--- Dataset records Enclosed Below ---

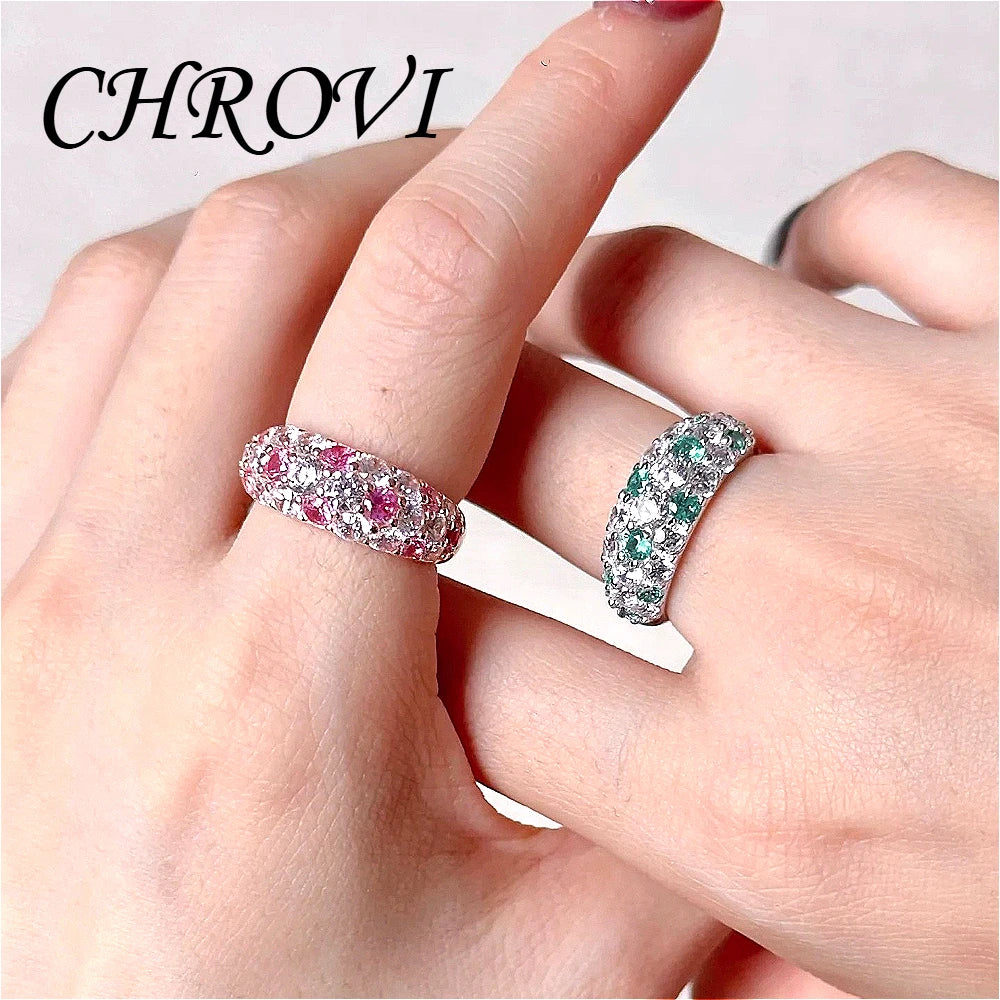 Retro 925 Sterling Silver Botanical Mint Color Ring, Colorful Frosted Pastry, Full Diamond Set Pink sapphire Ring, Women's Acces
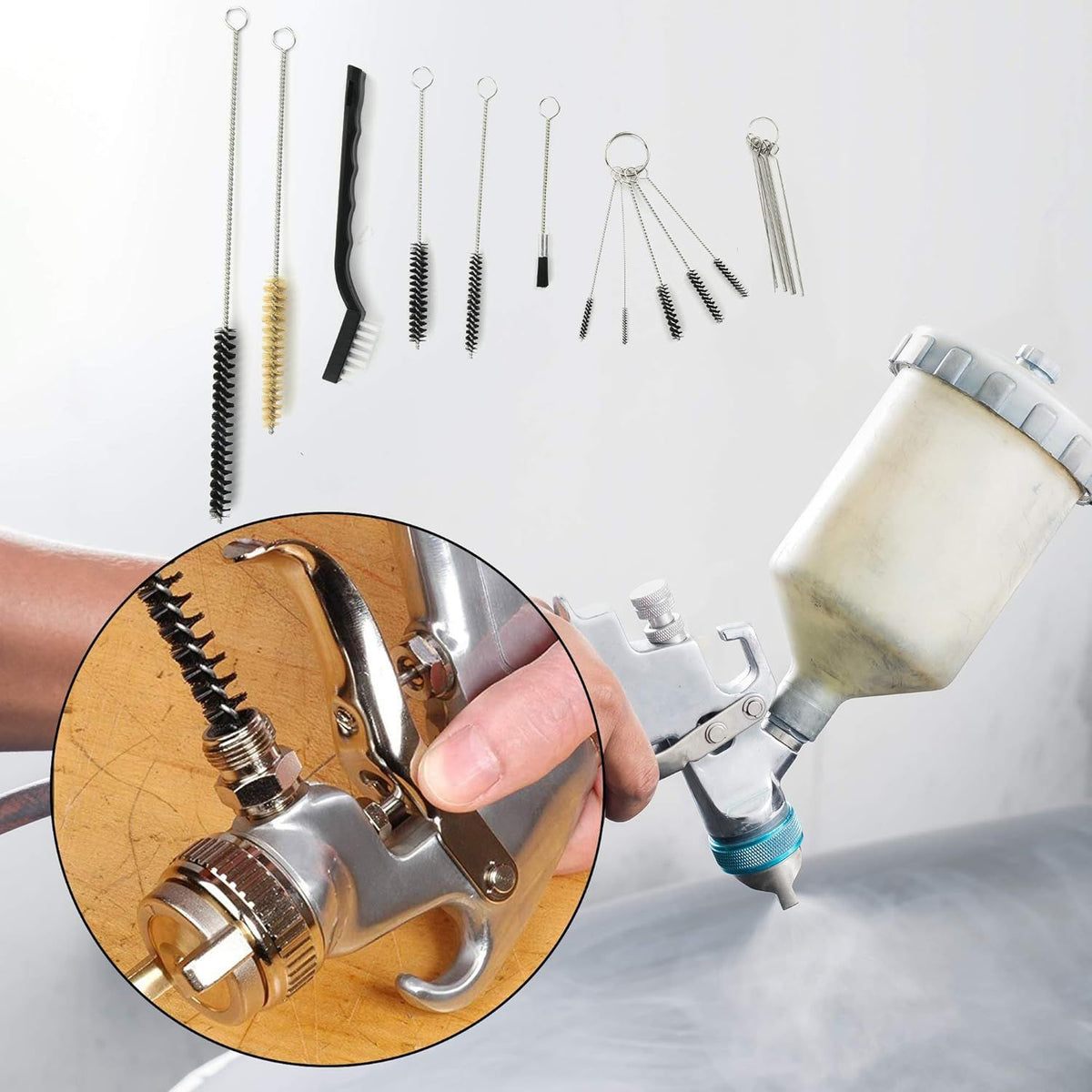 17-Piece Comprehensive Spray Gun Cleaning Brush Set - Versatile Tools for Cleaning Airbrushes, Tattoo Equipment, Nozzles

--- End of Enclosed Dataset records ---
--- Dataset records Enclosed Below ---

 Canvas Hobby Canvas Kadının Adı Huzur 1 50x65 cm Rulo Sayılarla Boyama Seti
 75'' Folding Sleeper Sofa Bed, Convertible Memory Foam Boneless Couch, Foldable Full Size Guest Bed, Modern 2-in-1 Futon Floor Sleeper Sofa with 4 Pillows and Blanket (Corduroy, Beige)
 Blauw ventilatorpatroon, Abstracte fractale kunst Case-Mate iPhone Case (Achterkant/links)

--- End of Enclosed Dataset records ---

▶ Required action
Starting at the line that contains "Canvas Hobby Canvas" and stopping after the line that contains "Blauw ventilatorpatroon, Abstracte", write out every line exactly as it appears above, and no other line.

▶ Answer space
 Canvas Hobby Canvas Kadının Adı Huzur 1 50x65 cm Rulo Sayılarla Boyama Seti
 75'' Folding Sleeper Sofa Bed, Convertible Memory Foam Boneless Couch, Foldable Full Size Guest Bed, Modern 2-in-1 Futon Floor Sleeper Sofa with 4 Pillows and Blanket (Corduroy, Beige)
 Blauw ventilatorpatroon, Abstracte fractale kunst Case-Mate iPhone Case (Achterkant/links)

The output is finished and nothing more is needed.